Currently the resume option for tune.run tries to resume from the last checkpoint that’s recorded in the experiment state (if I understand it correctly).
However, in many cases the last checkpoint is corrupted or might not exist, so tune just gives up and marks the trial as failed.

Could that be possible to back-off to a previous existing checkpoint and try that? E.g. if I have:

checkpoint_000001  checkpoint_000002  checkpoint_000184  checkpoint_000200

and checkpoint_000200 is corrupted, then tune should try to reload from checkpoint_000184, then from checkpoint_000002, then from checkpoint_000001 and then it should give up (or restart).

One issue is that if there’s a big gap (e.g. from checkpoint_000184 to checkpoint_000002) then that big back-off might be undesired. However, if there’s no valid checkpoint, then I would rerun that trial anyway, so maybe it’s not an issue.

cc @matthewdeng for this Tune question

We currently don’t have support for this, but we are refactoring the checkpoint implementation this quarter and can take this into account.

For clarity, would it be helpful to be able to define a maximum staleness of a checkpoint before it is considered “too old”?

1 Like

Thanks for considering it!

I’m not sure what would be the right logic to handle that. The two scenarios are:

  1. there’s a checkpoint that’s a few iterations behind the latests → great
  2. the most recent checkpoint (after the latest) is very old → since the last checkpoint is corrupted, I would need to go back no matter what, since I can’t use the last one. So I think there’s no “too old” in this sense, or at least anything will do at that point for me (but other people might have a different preference).

However, this might cause issues with the logs, e.g. Tensorboard or the CSV logger will have a sudden break in the iterations.

Another thing that may be worthwhile to look into is why the checkpoints do not exist. Is it something you run into often? How big are the checkpoints and how often are things checkpointed? Also are you updating to cloud storage or syncing to driver node?

Thanks!

I’m logging locally, the checkpoints are a few MB, but sometimes a few hundred, depending on the model. I usually checkpoint every iteration or every 5-10, and keep only the 3 best.

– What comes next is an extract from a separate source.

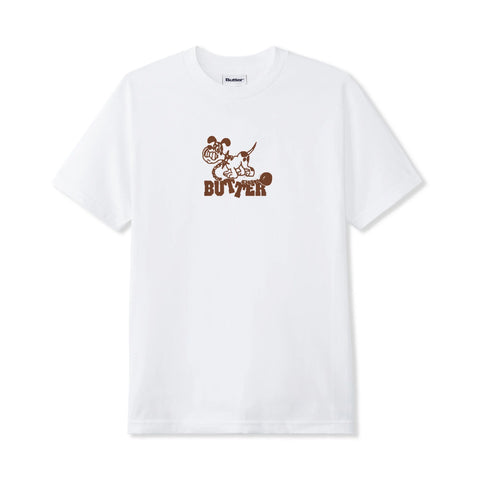 BUTTER - "UNLEASH" TEE WHITE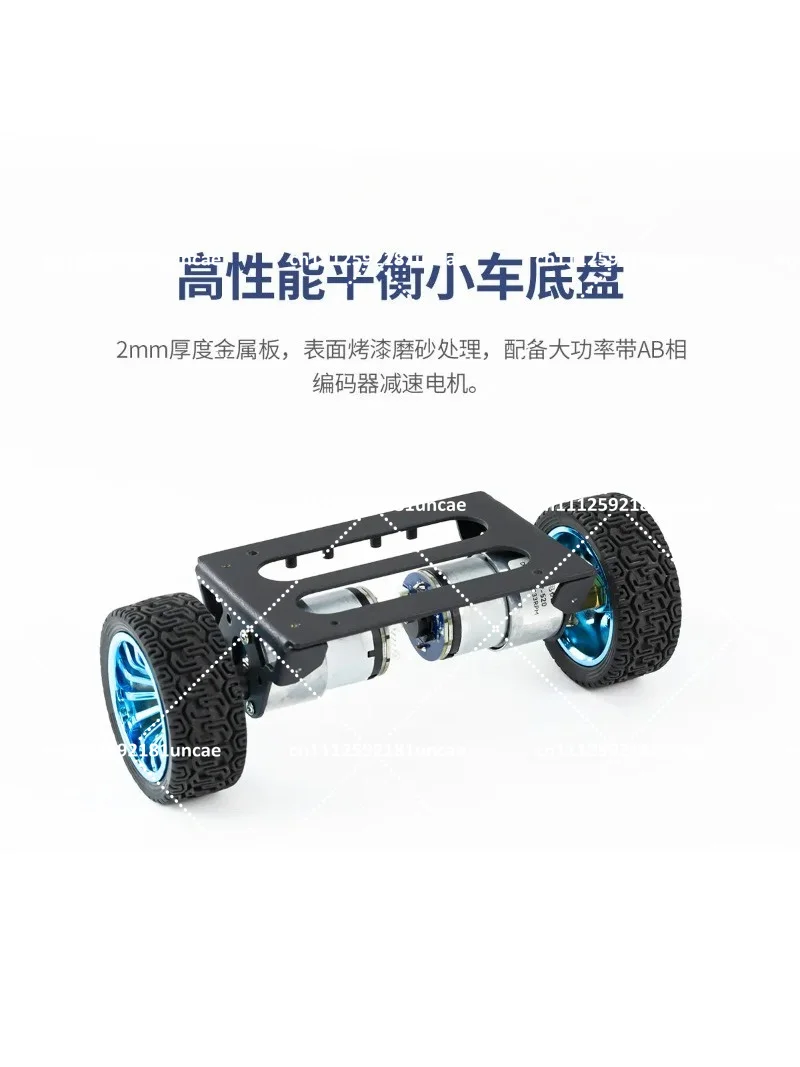 Two-Wheel Self-Balancing Robot Chassis Kit with PID Control, Encoder Motor & Obstacle Avoidance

Usually this issue happens when I CTRL+C the run and in some cases Tune gets stuck and doesn’t exit cleanly. It doesn’t happen often, and I can avoid killing the run.

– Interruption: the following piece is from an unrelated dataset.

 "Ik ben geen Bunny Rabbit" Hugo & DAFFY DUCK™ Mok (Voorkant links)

One case that it definitely happens almost always, is when I don’t wait for the last checkpoint after a CTRL+C. I rarely do this, but when I’m using Slurm or some other cluster manager and my job gets killed, then it’s up to the manager to leave enough time for Tune to gracefully exit, which might not always happen. In those cases this back-off would be useful once the training job is resumed.